Data excerpts ::
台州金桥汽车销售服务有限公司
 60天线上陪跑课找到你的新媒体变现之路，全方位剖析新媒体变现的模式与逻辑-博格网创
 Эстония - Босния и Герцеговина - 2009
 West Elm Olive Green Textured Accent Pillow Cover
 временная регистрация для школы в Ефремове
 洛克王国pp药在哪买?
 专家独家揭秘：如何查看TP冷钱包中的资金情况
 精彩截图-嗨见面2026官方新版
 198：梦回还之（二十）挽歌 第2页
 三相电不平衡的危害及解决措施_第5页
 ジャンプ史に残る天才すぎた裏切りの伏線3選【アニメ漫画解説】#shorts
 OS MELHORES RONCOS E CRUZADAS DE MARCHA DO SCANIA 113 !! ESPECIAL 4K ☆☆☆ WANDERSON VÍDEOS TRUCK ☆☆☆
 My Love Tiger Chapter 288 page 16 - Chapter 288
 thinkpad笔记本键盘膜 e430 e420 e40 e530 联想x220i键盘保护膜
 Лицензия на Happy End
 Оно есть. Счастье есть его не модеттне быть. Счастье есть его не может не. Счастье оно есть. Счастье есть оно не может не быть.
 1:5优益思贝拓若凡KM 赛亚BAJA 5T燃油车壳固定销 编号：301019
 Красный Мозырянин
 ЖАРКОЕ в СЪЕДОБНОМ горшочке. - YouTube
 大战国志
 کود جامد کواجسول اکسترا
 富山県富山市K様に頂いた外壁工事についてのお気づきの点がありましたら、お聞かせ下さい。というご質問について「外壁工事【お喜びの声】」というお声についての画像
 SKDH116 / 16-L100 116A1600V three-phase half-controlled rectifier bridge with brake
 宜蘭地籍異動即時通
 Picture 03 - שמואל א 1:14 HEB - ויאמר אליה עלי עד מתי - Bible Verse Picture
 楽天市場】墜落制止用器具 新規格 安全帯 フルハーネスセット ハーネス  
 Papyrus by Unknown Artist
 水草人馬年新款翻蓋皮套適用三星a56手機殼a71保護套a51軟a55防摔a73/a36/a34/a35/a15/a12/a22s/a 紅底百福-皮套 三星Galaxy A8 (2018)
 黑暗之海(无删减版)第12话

What you are asked to do :: Please write out all of the records above, character for character.

Exercise solution ::
台州金桥汽车销售服务有限公司
 60天线上陪跑课找到你的新媒体变现之路，全方位剖析新媒体变现的模式与逻辑-博格网创
 Эстония - Босния и Герцеговина - 2009
 West Elm Olive Green Textured Accent Pillow Cover
 временная регистрация для школы в Ефремове
 洛克王国pp药在哪买?
 专家独家揭秘：如何查看TP冷钱包中的资金情况
 精彩截图-嗨见面2026官方新版
 198：梦回还之（二十）挽歌 第2页
 三相电不平衡的危害及解决措施_第5页
 ジャンプ史に残る天才すぎた裏切りの伏線3選【アニメ漫画解説】#shorts
 OS MELHORES RONCOS E CRUZADAS DE MARCHA DO SCANIA 113 !! ESPECIAL 4K ☆☆☆ WANDERSON VÍDEOS TRUCK ☆☆☆
 My Love Tiger Chapter 288 page 16 - Chapter 288
 thinkpad笔记本键盘膜 e430 e420 e40 e530 联想x220i键盘保护膜
 Лицензия на Happy End
 Оно есть. Счастье есть его не модеттне быть. Счастье есть его не может не. Счастье оно есть. Счастье есть оно не может не быть.
 1:5优益思贝拓若凡KM 赛亚BAJA 5T燃油车壳固定销 编号：301019
 Красный Мозырянин
 ЖАРКОЕ в СЪЕДОБНОМ горшочке. - YouTube
 大战国志
 کود جامد کواجسول اکسترا
 富山県富山市K様に頂いた外壁工事についてのお気づきの点がありましたら、お聞かせ下さい。というご質問について「外壁工事【お喜びの声】」というお声についての画像
 SKDH116 / 16-L100 116A1600V three-phase half-controlled rectifier bridge with brake
 宜蘭地籍異動即時通
 Picture 03 - שמואל א 1:14 HEB - ויאמר אליה עלי עד מתי - Bible Verse Picture
 楽天市場】墜落制止用器具 新規格 安全帯 フルハーネスセット ハーネス  
 Papyrus by Unknown Artist
 水草人馬年新款翻蓋皮套適用三星a56手機殼a71保護套a51軟a55防摔a73/a36/a34/a35/a15/a12/a22s/a 紅底百福-皮套 三星Galaxy A8 (2018)
 黑暗之海(无删减版)第12话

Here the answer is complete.